Aim of the exercise - Please, from the entries below, transcribe exactly the lines that begin at the line with "Cappellino blu con ricamo rosso" and end at the line with "WATERGATE AT LANDMARK - Residential", without the pictures.

-- Records for processing follows --

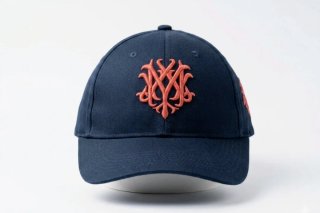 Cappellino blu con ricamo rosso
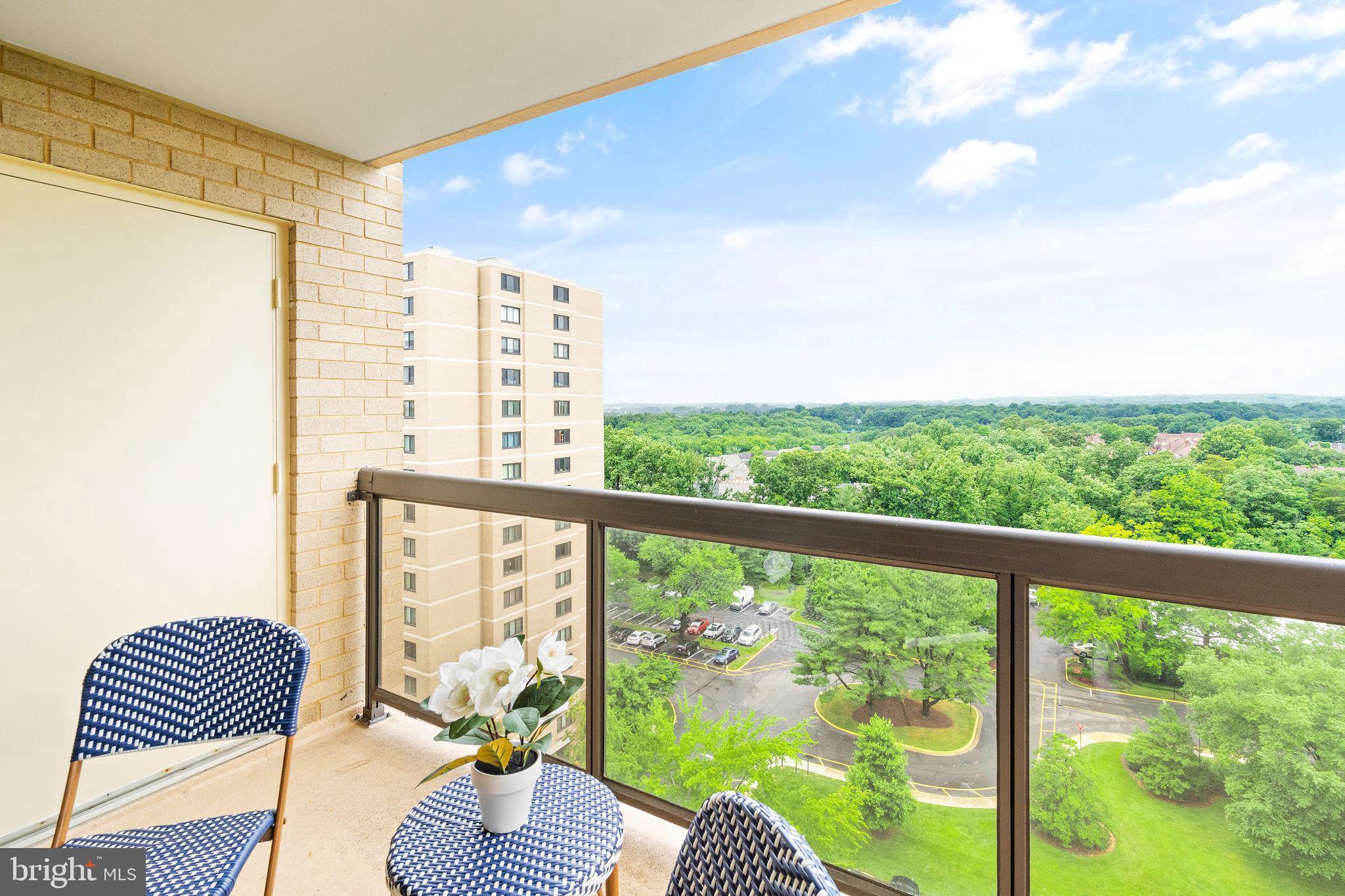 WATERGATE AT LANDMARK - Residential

-- Records for processing concluded --
-- Records for processing follows --

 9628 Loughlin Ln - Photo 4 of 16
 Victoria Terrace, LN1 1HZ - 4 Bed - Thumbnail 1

-- Records for processing concluded --
-- Records for processing follows --

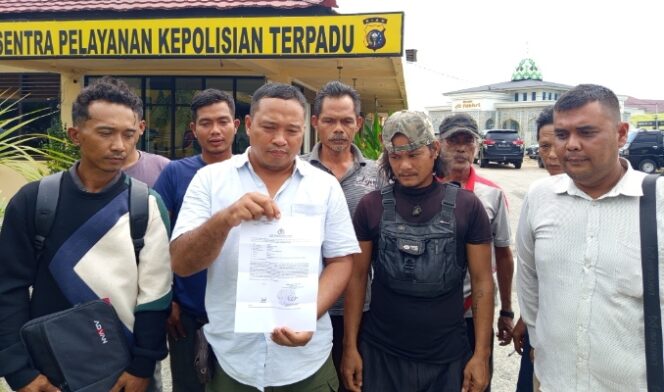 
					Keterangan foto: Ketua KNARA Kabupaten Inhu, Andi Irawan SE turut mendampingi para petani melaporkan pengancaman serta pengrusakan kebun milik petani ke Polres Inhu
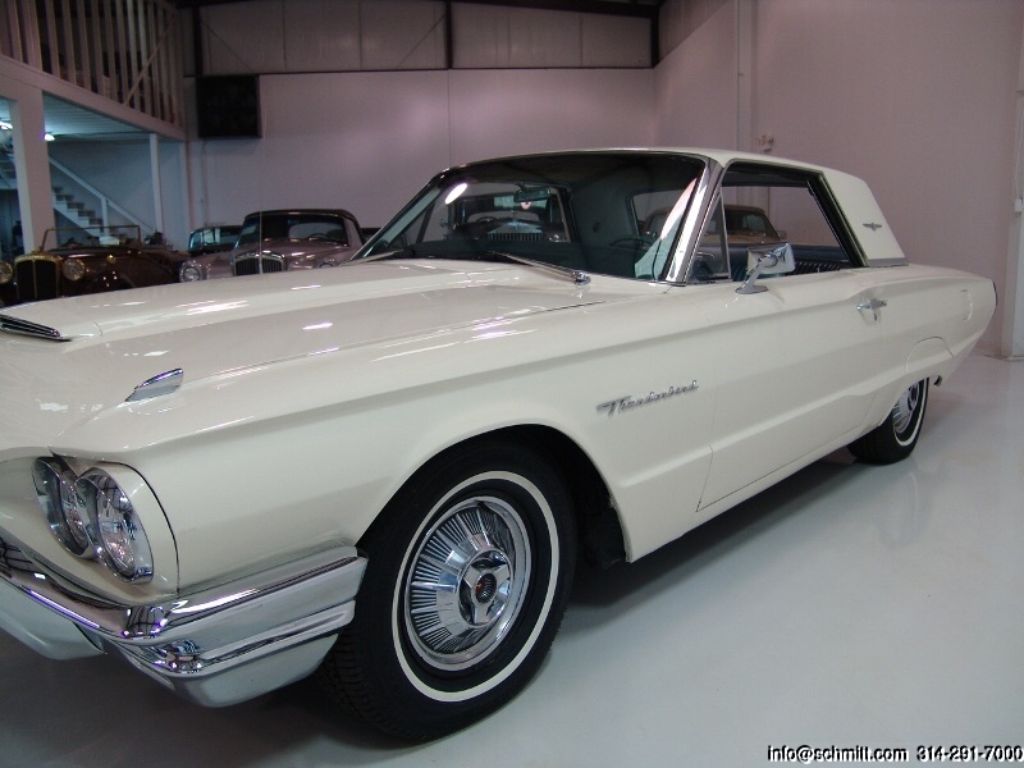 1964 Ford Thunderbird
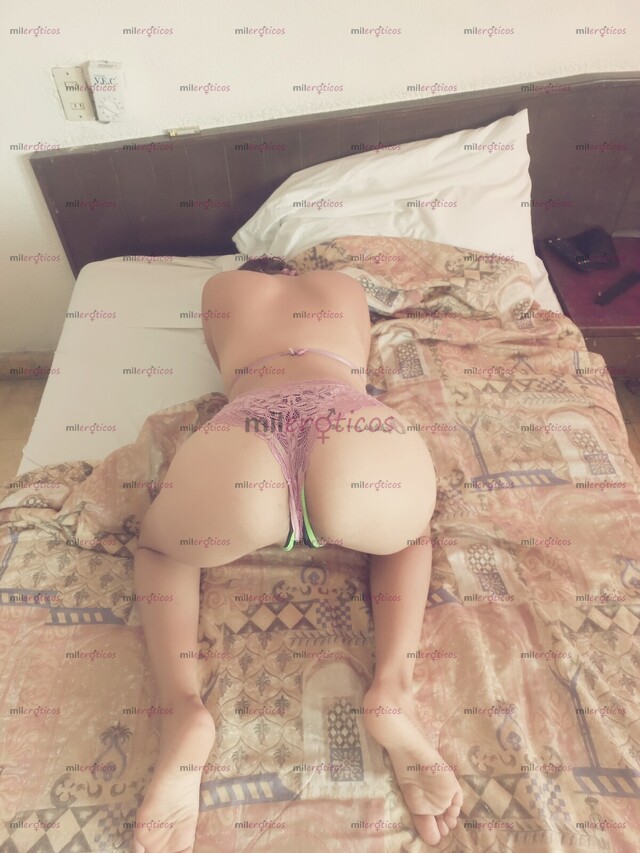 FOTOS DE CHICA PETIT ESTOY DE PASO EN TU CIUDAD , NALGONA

-- Records for processing concluded --

Answer space -
 Cappellino blu con ricamo rosso
 WATERGATE AT LANDMARK - Residential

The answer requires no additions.